A Book of Cookery by Thomas Dawson (1650)
To bake Chickins
First season your Chickins with Sugar, Sinamon and Ginger, and so lay them in your pye; then put in upon them Gooseberries or Grapes, or Barberries, then put in some sweet Butter, and close them up, and when they bee almost baked, then put in a Caudle made with hard Egges and white wine and served it.
Rare and Excellent Receipts by Mary Tillinghast (1690)
How to make a Chicken Pye sweet.
Take half a dozen of Chickens an break all their Bones with a Rowling-pin, then truss them; or else you may cut the Chickens into quarters’which is most proper for a sweet Pie; then seasoning, take half an Once of beaten Cinnamon, one large Nutmeg grated, half a Pound of Sugar, and a little Salt; then season your Chickens with it and put them into the Pie; then lay on some suckets of lettice, and some Suckets of Lemons, some slices of raw Lemons, and some preserv’d Barberries, a Pound of Butter, the Marrow of two Bones; then close the Pie: Two hours of baking is enough for this Pie.
How to Make a Caudle for this Pie.
Take a Pint of White-Whine, and a little Vergise, then make it boyl; then brew it with a good piece of butter, and the Yolks of four Eggs; sweeten it with sugar to your taste, but not too sweet; when the Pie is bak’d, put it into the Pie before it goes to the Table; and shake it, when it is in the Pie.
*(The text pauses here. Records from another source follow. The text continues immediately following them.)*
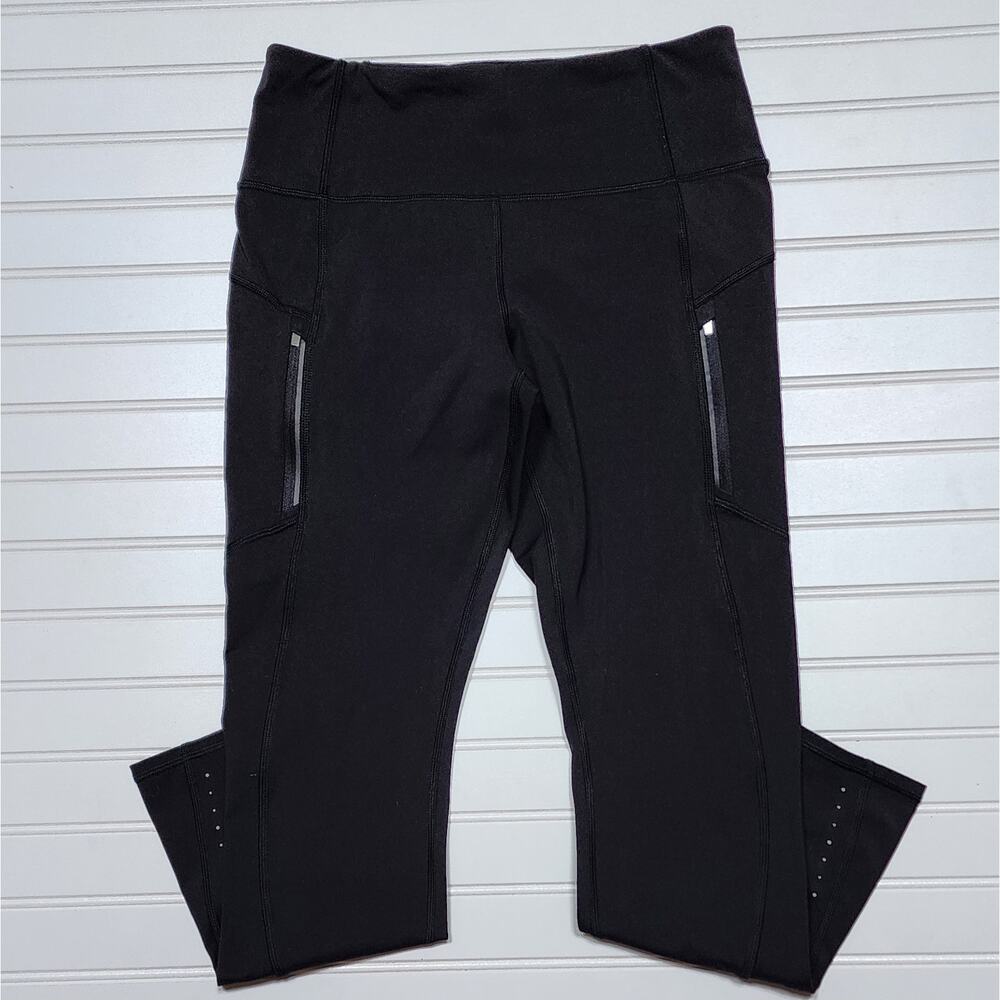 Athleta Rainer High Rise Tight Women's Leggings Size M Black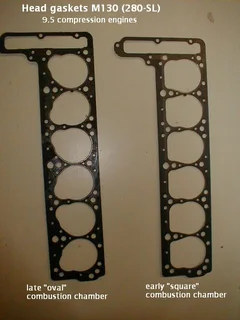 Mercedes-Benz M130 engine headgasket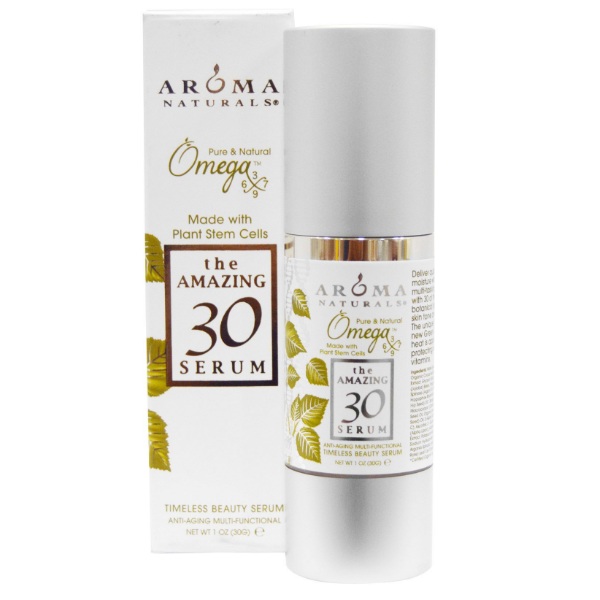  Aroma Naturals  The Amazing 30 Omega-x Serum 30 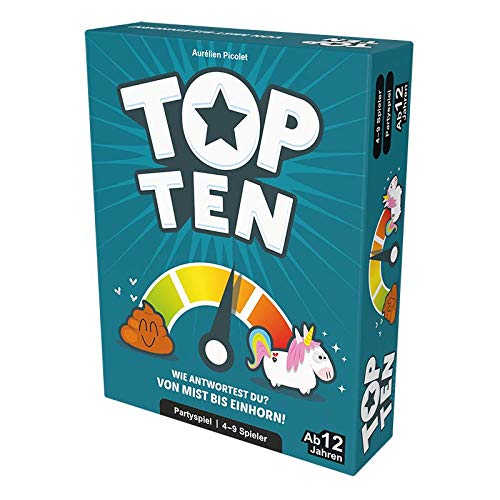 Detalle de Top Ten – Asmodee: Partyspiel, Nominiert zum Spiel des Jahres 2022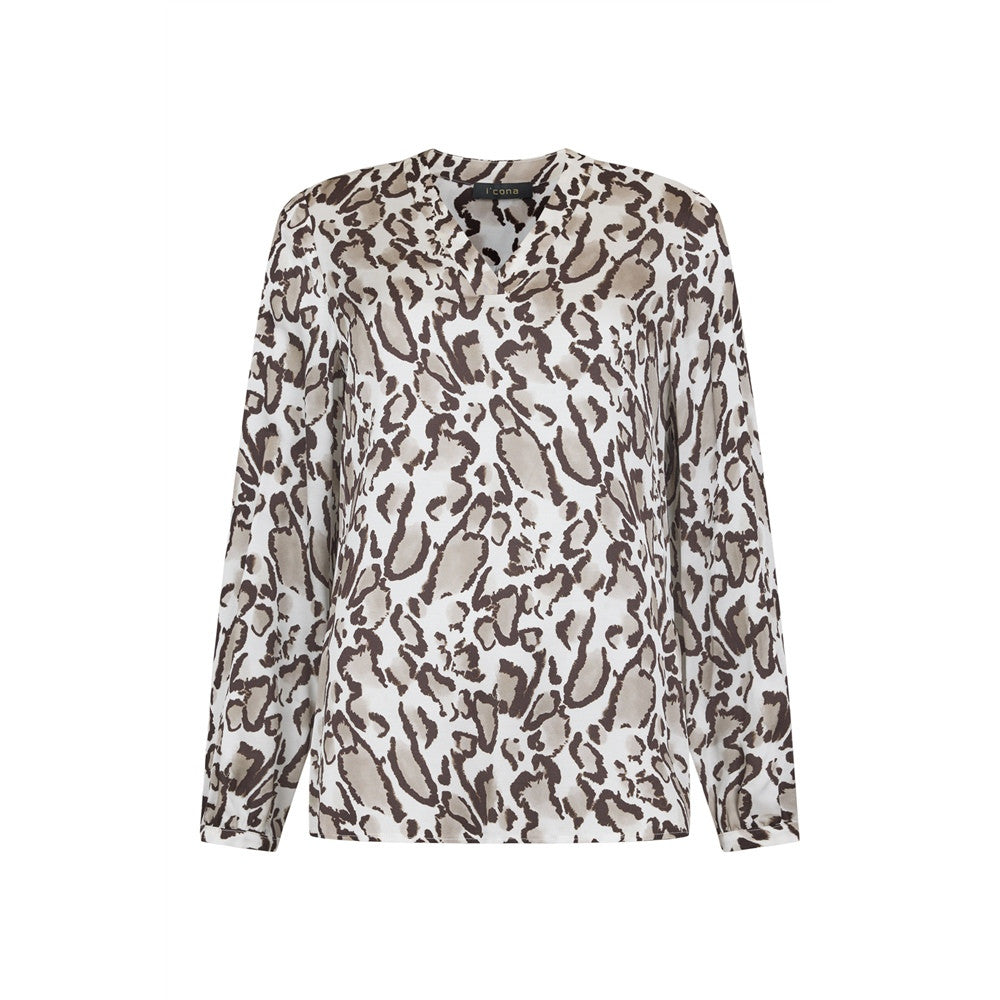 Blouse imprimée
English Housewifry Exemplified by Elizabeth Moxon (1764)
To make a sweet CHICKEN PIE.
Break the chicken bones, cut them in little bits, season them lightly with mace and salt, take the yolks of four eggs boiled hard and quartered, five artichoke-bottoms, half a pound of sun raisins stoned, half a pound of citron, half a pound of lemon, half a pound of marrow, a few forc’d-meat-balls, and half a pound of currans well cleaned, so make a light puff-paste, but put no paste in the bottom; when it is baked take a little white wine, a little juice of either orange or lemon, the yolk of an egg well beat, and mix them together, make it hot and put it into your pie; when you serve it up take the same ingredients you use for a lamb or veal pie, only leave out the artichokes
*Now that chicken is an everyday and largely unmemorable food, “chicken” pretty much just means “chicken”. However, this wasn’t always the case in the recent past, different developmental stages and sexes having specific terms, so for clarity I will use “chicken” in the modern sense.